Supporters have dubbed it the “Breaking Bad” bill.
Now that the series is shooting its final season, however, New Mexico is attempting to beef up its film incentive to attract new dramas to help restore the state’s position as one of the leading destinations for film production outside of California.
State legislators recently unanimously approved a bill that would boost New Mexico’s TV production refundable tax credit to 30% from 25%. The incentive works like a rebate, giving filmmakers credit toward what they spend on crews and vendors in the state. To qualify, TV productions would have to film at least six episodes in New Mexico and hire local crews.
The credit also allows producers to bring in outside crews so long as they make a good faith effort to hire in state and contribute to local job training programs. Producers of feature films also could get an additional 5% rebate on what they spend to hire local crews.

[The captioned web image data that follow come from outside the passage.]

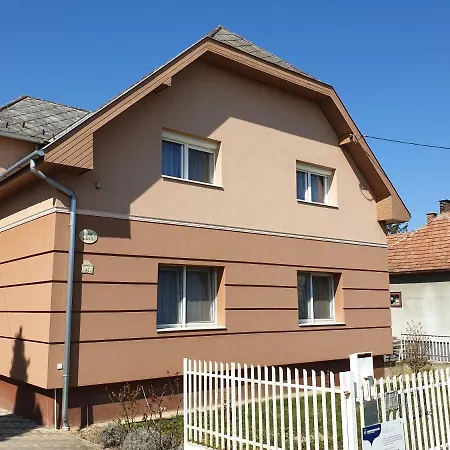 Adam Es Eva Apartman Διαμέρισμα *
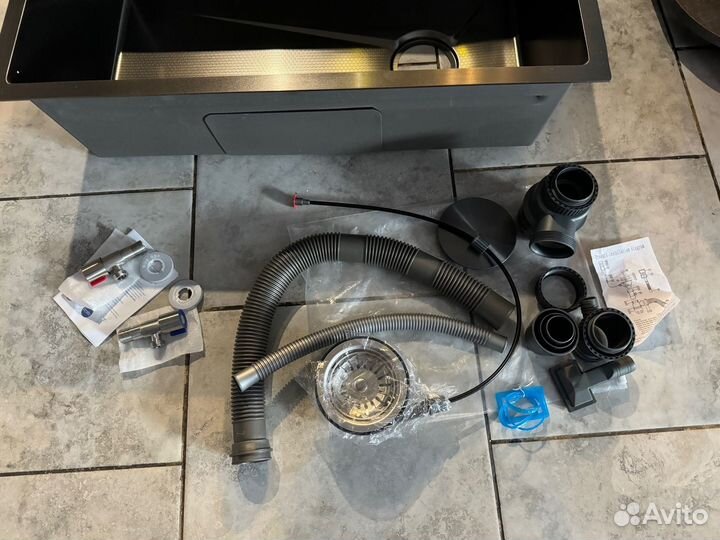 Мойка из нержавейки новая 75*46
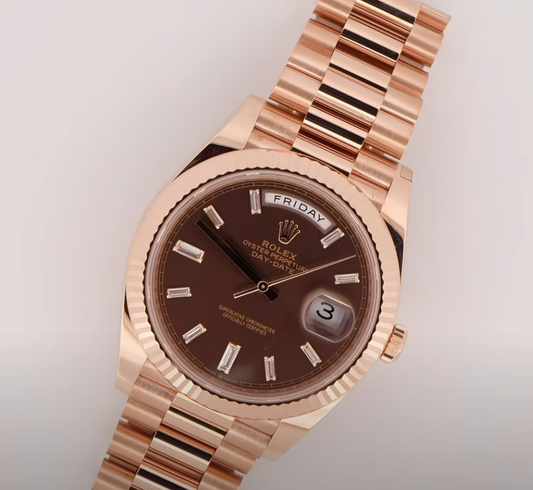 Rolex Day-Date 40mm Everose mit Baguette-Diamanten, Referenz 228235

If the state Senate and New Mexico Gov. Susana Martinez approve the bill, it could be passed as early as the spring, raising the competitive stakes for California, which offers a tax credit of 20% to 25% of qualified spending. The proposed legislation comes at a time when Los Angeles already has seen a sharp falloff in production of one-hour dramas and television pilots because of competition from New York and other states.
The proposed legislation also is intended to put New Mexico in a more competitive position relative to other states, especially Georgia, Louisiana and New York, that already offer a 30% credit.

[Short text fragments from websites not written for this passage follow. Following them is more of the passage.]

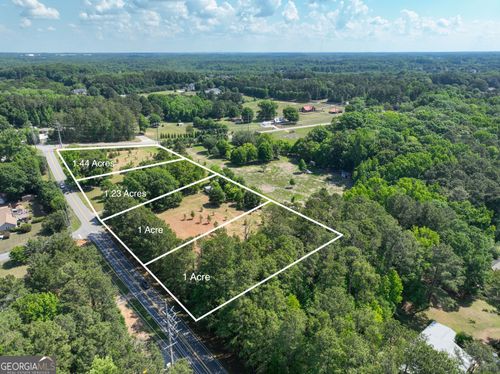 1.00 Briarwood Rd, Tyrone, GA, 30290-1900 | Card Image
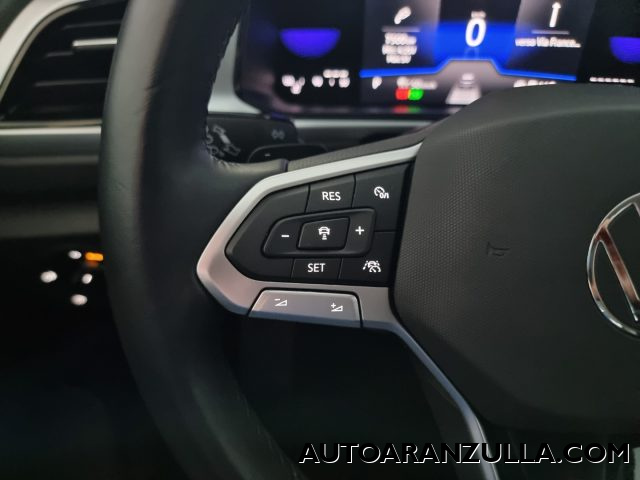 VOLKSWAGEN T-Roc usata, con Volante in pelle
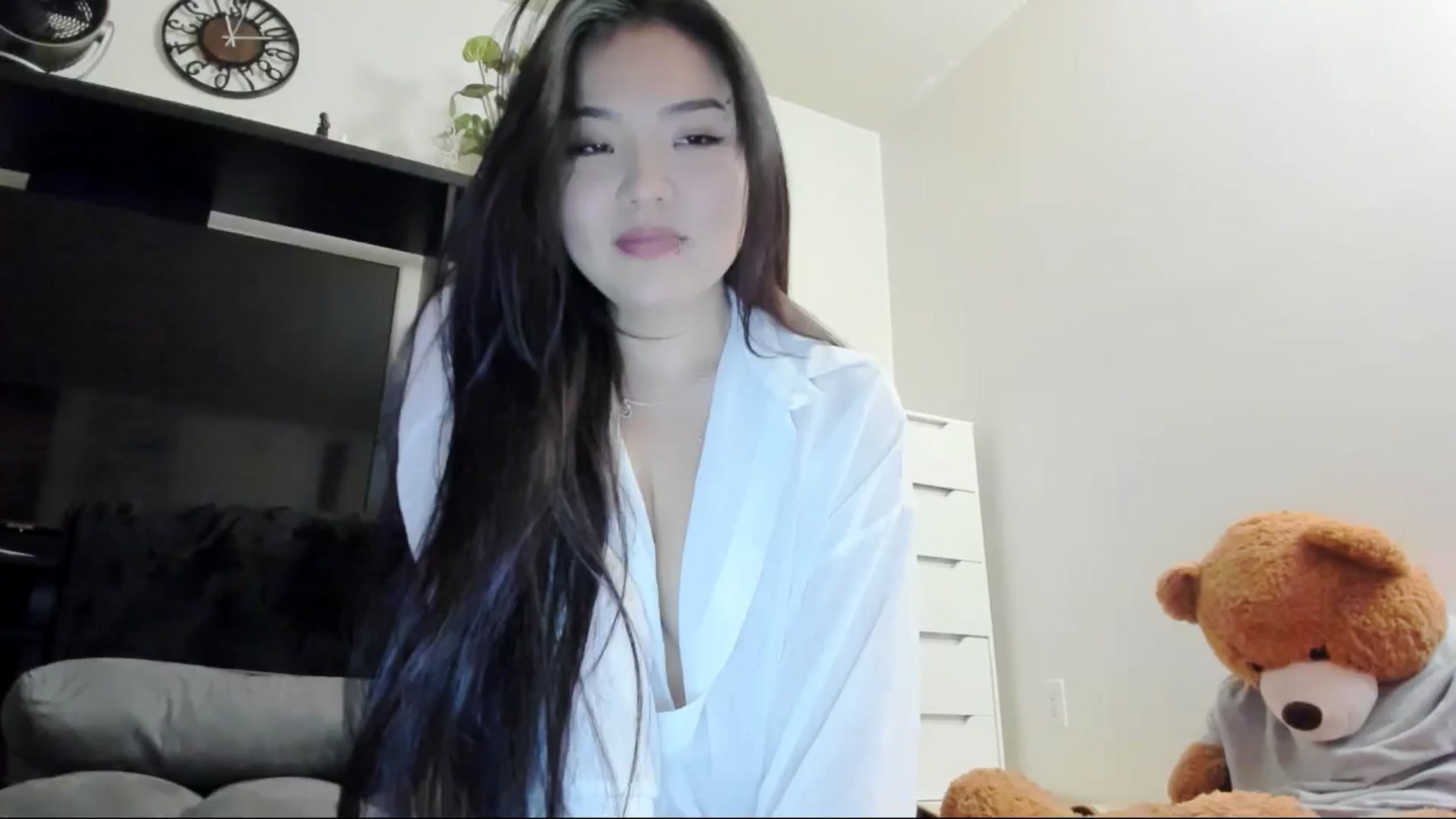 Gallery image thumbnail from Melody__K's myfreecams stream on, 03/25/2025, 08:58 image 1 of 20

New Mexico still attracts some big productions — “The Avengers” and “The Lone Ranger” filmed there — because of its proximity to L.A., its local crew base and varied geography. But it’s no longer considered the chief rival to California as it was five years ago, when Gov. Bill Richardson, a Democrat, aggressively courted the film industry with rebates, loans and job training programs. Massive new production facilities sprouted, and several vendors and support companies followed suit.
The state’s film business fell off sharply after Martinez, a Republican who vowed to curtail government spending, proposed big cuts in the program in early 2011. Eventually, Martinez backed away from plans to gut the film and TV credit, but the state imposed new restrictions on the incentive, including a $50-million cap on annual tax credits.
Film spending in New Mexico in fiscal 2012 dropped nearly 20% to $225 million compared with fiscal 2011, according to the New Mexico Film Office.
“Any time a state makes public claims they may not support the program, it makes the industry very nervous,” said Joe Chianese, a senior vice president at Entertainment Partners, which advises the industry on film and television tax credits. “These [proposed] changes are very positive and it demonstrates that they are very supportive of the industry.”
Matt Rauchberg, senior vice president of Albuquerque Studios, which emerged from bankruptcy in September 2011, strongly backs the “Breaking Bad” bill.
“The last year was pretty slow,” said Rauchberg, adding that “Breaking Bad” takes up two soundstages while six others are vacant. State lawmakers have a “perfectly clear understanding of the benefits of the film industry and they want to do anything they can to bring it back.”